━━ Data for analysis
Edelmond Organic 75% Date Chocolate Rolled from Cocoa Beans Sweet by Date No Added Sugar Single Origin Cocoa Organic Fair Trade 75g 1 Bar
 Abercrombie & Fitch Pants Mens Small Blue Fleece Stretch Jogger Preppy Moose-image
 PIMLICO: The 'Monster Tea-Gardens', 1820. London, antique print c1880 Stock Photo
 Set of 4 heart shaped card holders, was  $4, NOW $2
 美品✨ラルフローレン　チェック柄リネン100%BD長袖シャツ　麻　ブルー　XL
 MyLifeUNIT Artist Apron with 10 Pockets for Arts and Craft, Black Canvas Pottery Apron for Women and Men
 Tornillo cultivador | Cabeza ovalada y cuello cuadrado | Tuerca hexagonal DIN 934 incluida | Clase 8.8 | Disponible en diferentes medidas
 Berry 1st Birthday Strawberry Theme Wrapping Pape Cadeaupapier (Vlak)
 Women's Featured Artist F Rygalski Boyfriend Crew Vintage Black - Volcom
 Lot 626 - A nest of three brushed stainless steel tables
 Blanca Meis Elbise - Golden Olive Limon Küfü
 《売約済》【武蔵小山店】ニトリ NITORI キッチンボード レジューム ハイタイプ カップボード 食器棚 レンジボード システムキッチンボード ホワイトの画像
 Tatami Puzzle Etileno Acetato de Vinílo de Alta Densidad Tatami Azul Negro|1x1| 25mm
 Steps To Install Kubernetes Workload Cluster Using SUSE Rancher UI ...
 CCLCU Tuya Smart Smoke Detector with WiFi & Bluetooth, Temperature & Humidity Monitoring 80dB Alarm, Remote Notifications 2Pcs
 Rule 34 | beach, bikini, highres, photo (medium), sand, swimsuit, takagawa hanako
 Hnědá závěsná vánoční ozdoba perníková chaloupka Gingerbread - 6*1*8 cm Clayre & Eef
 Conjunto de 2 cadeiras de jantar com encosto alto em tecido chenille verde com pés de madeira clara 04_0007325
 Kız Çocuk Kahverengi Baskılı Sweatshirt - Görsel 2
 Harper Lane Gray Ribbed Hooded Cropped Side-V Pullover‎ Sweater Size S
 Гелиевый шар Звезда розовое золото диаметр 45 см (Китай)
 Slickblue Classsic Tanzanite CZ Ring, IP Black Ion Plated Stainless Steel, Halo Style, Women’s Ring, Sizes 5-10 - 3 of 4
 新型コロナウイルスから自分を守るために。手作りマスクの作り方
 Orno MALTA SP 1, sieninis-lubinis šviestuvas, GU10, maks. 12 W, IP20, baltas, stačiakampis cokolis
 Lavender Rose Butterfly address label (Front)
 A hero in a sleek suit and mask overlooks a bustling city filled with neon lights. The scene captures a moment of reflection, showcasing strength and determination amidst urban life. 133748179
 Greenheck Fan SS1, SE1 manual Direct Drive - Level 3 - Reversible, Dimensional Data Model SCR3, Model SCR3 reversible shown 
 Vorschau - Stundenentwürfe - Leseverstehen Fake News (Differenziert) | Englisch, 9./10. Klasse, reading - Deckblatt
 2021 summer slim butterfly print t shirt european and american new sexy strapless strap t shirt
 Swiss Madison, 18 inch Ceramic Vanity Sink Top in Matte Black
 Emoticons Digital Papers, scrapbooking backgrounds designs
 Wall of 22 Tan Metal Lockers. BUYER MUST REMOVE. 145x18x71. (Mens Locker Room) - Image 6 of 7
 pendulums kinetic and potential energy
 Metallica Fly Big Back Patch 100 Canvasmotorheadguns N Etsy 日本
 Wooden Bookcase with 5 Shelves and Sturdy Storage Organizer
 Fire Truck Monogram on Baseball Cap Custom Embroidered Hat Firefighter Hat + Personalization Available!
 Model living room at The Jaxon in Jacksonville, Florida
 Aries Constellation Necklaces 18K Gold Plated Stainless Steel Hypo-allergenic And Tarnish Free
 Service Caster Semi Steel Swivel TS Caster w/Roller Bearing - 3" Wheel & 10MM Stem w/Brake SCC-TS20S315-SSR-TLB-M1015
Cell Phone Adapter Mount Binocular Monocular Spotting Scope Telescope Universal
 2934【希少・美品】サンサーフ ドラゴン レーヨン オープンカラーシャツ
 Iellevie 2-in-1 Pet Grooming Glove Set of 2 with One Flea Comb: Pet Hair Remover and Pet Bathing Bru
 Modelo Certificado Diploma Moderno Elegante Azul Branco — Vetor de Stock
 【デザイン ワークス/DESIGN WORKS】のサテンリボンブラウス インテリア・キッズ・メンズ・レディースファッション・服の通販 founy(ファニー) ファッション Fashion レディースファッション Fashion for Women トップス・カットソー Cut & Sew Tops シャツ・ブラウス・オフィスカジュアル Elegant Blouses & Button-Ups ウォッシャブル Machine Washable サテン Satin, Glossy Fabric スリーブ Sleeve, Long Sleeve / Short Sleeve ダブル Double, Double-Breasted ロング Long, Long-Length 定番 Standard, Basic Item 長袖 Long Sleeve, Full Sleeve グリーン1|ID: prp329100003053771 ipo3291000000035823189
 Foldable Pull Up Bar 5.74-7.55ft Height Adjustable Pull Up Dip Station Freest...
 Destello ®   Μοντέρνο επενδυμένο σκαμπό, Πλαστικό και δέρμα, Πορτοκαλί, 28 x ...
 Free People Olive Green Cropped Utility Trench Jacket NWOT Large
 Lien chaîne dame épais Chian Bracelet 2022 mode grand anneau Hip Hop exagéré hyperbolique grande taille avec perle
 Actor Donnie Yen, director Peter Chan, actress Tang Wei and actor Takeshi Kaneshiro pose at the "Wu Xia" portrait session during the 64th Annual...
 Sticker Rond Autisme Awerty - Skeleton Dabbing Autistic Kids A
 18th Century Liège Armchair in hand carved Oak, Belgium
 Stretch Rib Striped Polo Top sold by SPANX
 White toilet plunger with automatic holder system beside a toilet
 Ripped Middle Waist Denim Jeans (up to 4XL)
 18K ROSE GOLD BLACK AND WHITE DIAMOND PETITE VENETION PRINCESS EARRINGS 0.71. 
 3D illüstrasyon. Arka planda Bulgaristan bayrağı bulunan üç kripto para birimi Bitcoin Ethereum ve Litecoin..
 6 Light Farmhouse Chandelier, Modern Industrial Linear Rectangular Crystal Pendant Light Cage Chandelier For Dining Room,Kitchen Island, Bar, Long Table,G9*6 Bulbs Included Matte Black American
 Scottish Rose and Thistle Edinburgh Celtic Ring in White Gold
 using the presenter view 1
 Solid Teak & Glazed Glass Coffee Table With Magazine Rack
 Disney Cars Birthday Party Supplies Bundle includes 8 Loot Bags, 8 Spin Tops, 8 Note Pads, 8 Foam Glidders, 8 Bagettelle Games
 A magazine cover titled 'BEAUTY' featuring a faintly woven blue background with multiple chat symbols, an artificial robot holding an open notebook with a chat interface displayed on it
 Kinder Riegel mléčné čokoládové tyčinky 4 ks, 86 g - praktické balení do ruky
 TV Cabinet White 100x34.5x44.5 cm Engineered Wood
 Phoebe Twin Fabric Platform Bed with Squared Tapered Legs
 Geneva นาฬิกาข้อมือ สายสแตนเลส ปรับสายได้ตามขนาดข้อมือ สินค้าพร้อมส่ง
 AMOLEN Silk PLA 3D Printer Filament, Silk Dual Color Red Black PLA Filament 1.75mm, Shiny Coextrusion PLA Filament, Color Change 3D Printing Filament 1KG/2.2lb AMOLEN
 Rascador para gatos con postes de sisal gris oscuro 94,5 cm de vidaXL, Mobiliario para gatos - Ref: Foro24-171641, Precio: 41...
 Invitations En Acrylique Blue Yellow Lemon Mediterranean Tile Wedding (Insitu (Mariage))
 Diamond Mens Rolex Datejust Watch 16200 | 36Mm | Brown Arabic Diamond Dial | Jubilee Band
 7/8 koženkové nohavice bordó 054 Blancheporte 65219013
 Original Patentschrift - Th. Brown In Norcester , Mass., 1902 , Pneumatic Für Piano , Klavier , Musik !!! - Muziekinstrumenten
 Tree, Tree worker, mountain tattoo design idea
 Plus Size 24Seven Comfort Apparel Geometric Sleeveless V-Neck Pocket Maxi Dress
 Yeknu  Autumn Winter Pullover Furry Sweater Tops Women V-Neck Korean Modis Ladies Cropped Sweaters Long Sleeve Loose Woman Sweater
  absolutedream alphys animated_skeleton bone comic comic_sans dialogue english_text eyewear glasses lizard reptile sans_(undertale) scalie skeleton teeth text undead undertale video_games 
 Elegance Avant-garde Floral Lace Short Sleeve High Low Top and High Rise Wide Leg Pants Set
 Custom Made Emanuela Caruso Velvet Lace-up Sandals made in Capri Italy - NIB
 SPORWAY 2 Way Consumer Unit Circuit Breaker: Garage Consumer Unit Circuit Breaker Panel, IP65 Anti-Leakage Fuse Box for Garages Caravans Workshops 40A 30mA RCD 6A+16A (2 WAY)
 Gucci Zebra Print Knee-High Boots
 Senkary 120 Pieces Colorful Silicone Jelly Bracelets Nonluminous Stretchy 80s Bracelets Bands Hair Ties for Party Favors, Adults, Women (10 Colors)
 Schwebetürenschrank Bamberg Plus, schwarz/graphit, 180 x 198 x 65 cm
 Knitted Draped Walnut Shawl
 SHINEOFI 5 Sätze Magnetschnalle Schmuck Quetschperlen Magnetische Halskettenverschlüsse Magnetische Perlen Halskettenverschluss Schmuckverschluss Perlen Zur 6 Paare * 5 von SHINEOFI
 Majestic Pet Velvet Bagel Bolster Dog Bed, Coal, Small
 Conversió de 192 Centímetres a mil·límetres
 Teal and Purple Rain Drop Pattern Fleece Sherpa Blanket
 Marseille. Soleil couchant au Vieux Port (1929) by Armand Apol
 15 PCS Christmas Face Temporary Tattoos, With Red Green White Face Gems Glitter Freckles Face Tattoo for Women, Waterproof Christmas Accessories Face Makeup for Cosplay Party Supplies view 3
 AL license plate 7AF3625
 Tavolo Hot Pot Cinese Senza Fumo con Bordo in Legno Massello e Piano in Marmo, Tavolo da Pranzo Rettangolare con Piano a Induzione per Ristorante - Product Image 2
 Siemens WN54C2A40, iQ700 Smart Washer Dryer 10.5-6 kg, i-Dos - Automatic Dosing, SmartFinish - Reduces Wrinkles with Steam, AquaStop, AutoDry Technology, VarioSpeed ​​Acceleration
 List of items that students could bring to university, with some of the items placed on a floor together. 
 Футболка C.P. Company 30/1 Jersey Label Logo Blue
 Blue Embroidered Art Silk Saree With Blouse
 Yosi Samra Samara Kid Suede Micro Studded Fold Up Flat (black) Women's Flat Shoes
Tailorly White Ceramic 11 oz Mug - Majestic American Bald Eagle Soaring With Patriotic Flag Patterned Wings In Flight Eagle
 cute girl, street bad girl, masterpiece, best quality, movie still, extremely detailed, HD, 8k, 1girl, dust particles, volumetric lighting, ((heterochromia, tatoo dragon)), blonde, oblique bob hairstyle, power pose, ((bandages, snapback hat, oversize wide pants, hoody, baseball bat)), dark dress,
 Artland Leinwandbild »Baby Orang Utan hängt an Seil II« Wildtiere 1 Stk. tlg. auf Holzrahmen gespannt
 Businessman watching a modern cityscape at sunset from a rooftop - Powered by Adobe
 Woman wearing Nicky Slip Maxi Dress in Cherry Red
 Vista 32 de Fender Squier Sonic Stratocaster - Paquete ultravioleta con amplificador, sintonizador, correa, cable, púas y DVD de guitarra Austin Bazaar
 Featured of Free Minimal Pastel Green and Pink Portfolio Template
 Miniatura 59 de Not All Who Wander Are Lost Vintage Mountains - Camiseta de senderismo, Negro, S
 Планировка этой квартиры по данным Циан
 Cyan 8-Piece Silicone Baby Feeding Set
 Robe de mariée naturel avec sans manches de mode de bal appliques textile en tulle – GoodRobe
━━━━
What you should do = Figure out the number of lines above in which the string "Woman" appears. Only the number should be given.

Solution for this exercise = 2